Franquicias

Vayamos adonde vayamos, ya sólo nos esperan las mismas franquicias y las mismas muchedumbres

En el ascensor me cruzo con un grupo de chicas que participan en una despedida de soltera. Ocupan un piso turístico que acaba de iniciar su actividad. En el barrio cada día aparece un nuevo apartamento turístico. A todas horas ves pasar gente con la maletita de ruedines que va buscando una dirección en el móvil. Y te cruzas con esa gente en el patio, en el rellano, en la entrada. Uno procura llevarse bien con los vecinos, pero ¿qué normas de cortesía pueden existir para la gente desconocida que enseguida desaparecerá sin dejar rastro? ¿Qué les dices? ¿Y qué clase de relación puedes establecer con ellos?

Y algo así ocurre también en los centros de la mayoría de nuestras ciudades. Si quieres pasear o ir a algún sitio, tienes que abrirte paso entre multitudes de turistas que abarrotan las calles y que parecen mirar con sorpresa a esos aborígenes presurosos que caminan con un fajo de papeles en la mano en vez del preceptivo cucurucho de helado multicolor. Y esas mismas calles ya no son más que un decorado repleto de franquicias, gastrobares, tiendas de souvenirs y edificios reconvertidos en apartamentos turísticos. Imposible ver una ferretería, una relojería, una lavandería, una librería, un bar que no pertenezca a una franquicia o que no finja serlo. Y por todas partes, mires a donde mires, sólo hay hoteles, hoteles grandes, pequeños, anticuados, esnobs, sofisticados, impersonales. El otro día pasé por delante de tres hoteles enormes situados a menos de cien metros el uno del otro. A ojo, calculé que cada hotel podía tener unas 200 habitaciones. ¿Hay turistas para tantas habitaciones? ¿Y qué será de esos hoteles si un día, por las razones que sean, dejan de venir los turistas?

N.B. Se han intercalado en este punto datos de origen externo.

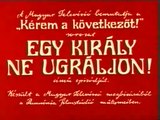 Kérem a következőt: Egy király ne ugráljon!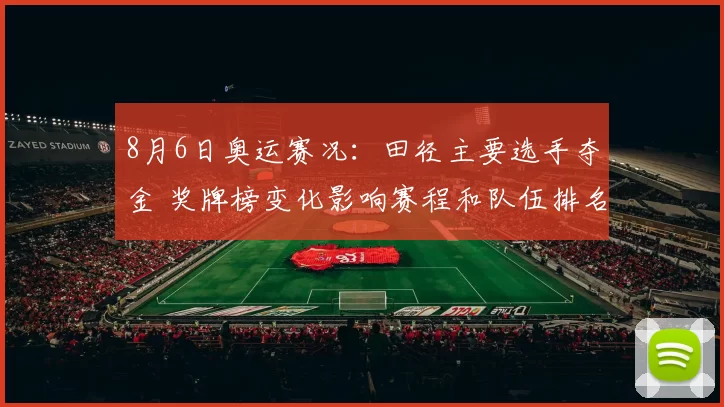 8月6日奥运赛况：田径主要选手夺金 奖牌榜变化影响赛程和队伍排名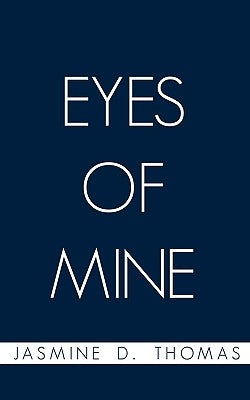 Eyes of Mine by Thomas, Jasmine D.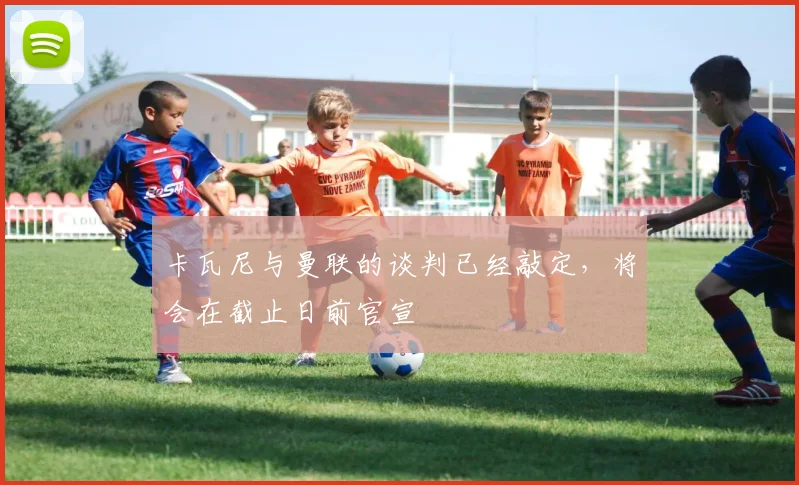 卡瓦尼与曼联的谈判已经敲定，将会在截止日前官宣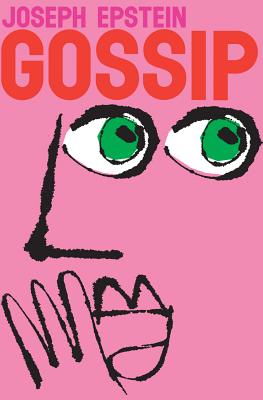 Gossip: The Untrivial Pursuit - Epstein, Joseph, Mr.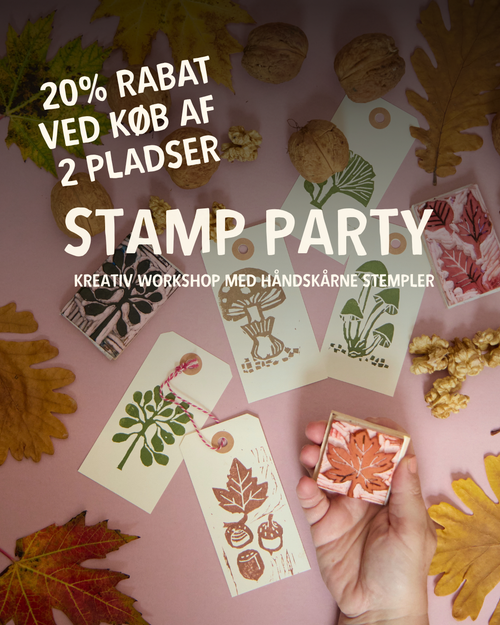 STAMP PARTY -  KREATIV WORKSHOP MED HÅNDSKÅRNE STEMPLER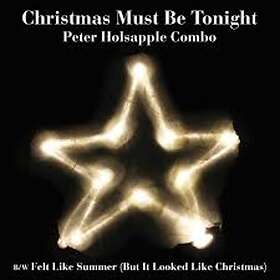 Peter Holsapple Combo: Christmas Must Be Tonight (Vinyl)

Sí, ya lo sé: no tenemos industria ni otros medios de subsistencia, así que esos turistas significan empleos y salarios para mucha gente. Y por supuesto, nosotros mismos somos los primeros que viajamos a otro sitio y nos alojamos en apartamentos turísticos y usamos los vuelos low cost, aunque vayamos adonde vayamos ya sólo nos esperan las mismas franquicias y las mismas muchedumbres consumiendo helados por las calles atiborradas. Si eso es bueno o malo, no lo sé. Pero lo que sé es que en nuestra ciudad nos sentimos invadidos. Y la ira -una ira que no sabemos muy bien contra quién se dirige- se va apoderando poco a poco de todos nosotros.